◆ Exercise description ◆
No line before the one containing "Tattoo of a" is to be output; retype exactly that line and all lines that follow it to the end of the records.

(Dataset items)

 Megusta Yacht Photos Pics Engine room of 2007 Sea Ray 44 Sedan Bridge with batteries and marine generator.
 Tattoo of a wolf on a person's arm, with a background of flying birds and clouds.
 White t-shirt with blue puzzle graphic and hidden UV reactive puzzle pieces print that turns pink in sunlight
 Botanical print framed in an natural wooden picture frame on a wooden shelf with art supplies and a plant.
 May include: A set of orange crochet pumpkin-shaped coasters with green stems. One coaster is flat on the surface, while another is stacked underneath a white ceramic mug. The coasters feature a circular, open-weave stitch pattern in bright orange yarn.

◆ Response ◆
 Tattoo of a wolf on a person's arm, with a background of flying birds and clouds.
 White t-shirt with blue puzzle graphic and hidden UV reactive puzzle pieces print that turns pink in sunlight
 Botanical print framed in an natural wooden picture frame on a wooden shelf with art supplies and a plant.
 May include: A set of orange crochet pumpkin-shaped coasters with green stems. One coaster is flat on the surface, while another is stacked underneath a white ceramic mug. The coasters feature a circular, open-weave stitch pattern in bright orange yarn.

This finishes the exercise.